I started this without prior deep knowledge of agent pipelines, and that forced me to bring my existing engineering instincts into a space that often gets discussed in much looser terms. I kept coming back to very ordinary questions:

What owns control flow?
What happens when a run fails halfway through?
What should be remembered across runs?
What can be validated mechanically?
Where does ambiguity go?
How do I stop a useful but inconsistent model from being treated like an authority?

Those questions gave me a way to learn without getting lost in the hype cycle, and I think that is one of the reasons I wanted to publish this now. I’m not publishing Tekhton as a victory lap; I’m publishing it as a serious artifact from a period of hands-on learning. I wanted to build something concrete enough that my opinions on this space would have to answer to the code.

Why I’m Putting It In Public

I want other developers, and especially people who are trying to evaluate this space seriously, to be able to inspect the tradeoffs.

If you are an engineer, maybe some of the orchestration ideas are useful. If you are leading engineers, maybe it helps clarify where agent workflows might fit into real delivery systems, and where they still need stronger controls around them.

Mostly though, I think better conversations happen when there is an actual artifact on the table. It is easy to say AI coding tools are the future, and it is easy to say they are overhyped. It is much harder, and much more useful, to build a thing, watch it break, fix it, and then explain what the breakage taught you. That is what Tekhton has been for me.

The repo is at github.com/GeoffGodwin/tekhton with a README that covers the architecture, setup, and how to point it at a project.

GeoffGodwin/tekhton Public

One intent. Many hands.

Shell View on GitHub

Where I Want Tekhton 2.0 To Go

I already know what Tekhton v1.0 doesn’t do well enough, and the next version needs to be more adaptive without becoming less disciplined.

That means a few concrete things. It needs context accounting, so the pipeline understands how much information it is actually pushing into each agent call. It needs milestone progression that can tell when a piece of work is truly done, and when the next milestone should begin.

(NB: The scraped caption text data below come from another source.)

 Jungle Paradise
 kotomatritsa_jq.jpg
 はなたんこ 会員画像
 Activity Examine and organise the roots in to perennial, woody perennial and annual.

It needs a better clarification protocol for the moments when the right move is to pause and ask a human a direct question. It needs better replanning support for projects that have already evolved beyond their original design docs. It needs some capacity to clean up its own non-blocking debt, and eventually it should learn from run history instead of treating every task like it is the first one it has ever seen.

I’ve already planned out that 2.0 work, and I’m excited to start building it, but I wanted to publish v1.0 before doing that because I think foundations matter.

Before a system gets smarter, it should become legible.

Tekhton v1.0 was my attempt to make an agent-driven workflow legible, legible to me, legible to other engineers, and legible enough that the next round of improvements can be made on purpose instead of by accident.

If you end up taking a look at it, I’d be especially interested in hearing from people who have built their own agent workflows, or tried to introduce model-assisted development into real team environments. I think the next interesting questions in this space sit right at the boundary between orchestration and adaptivity, and I’m still very much learning there.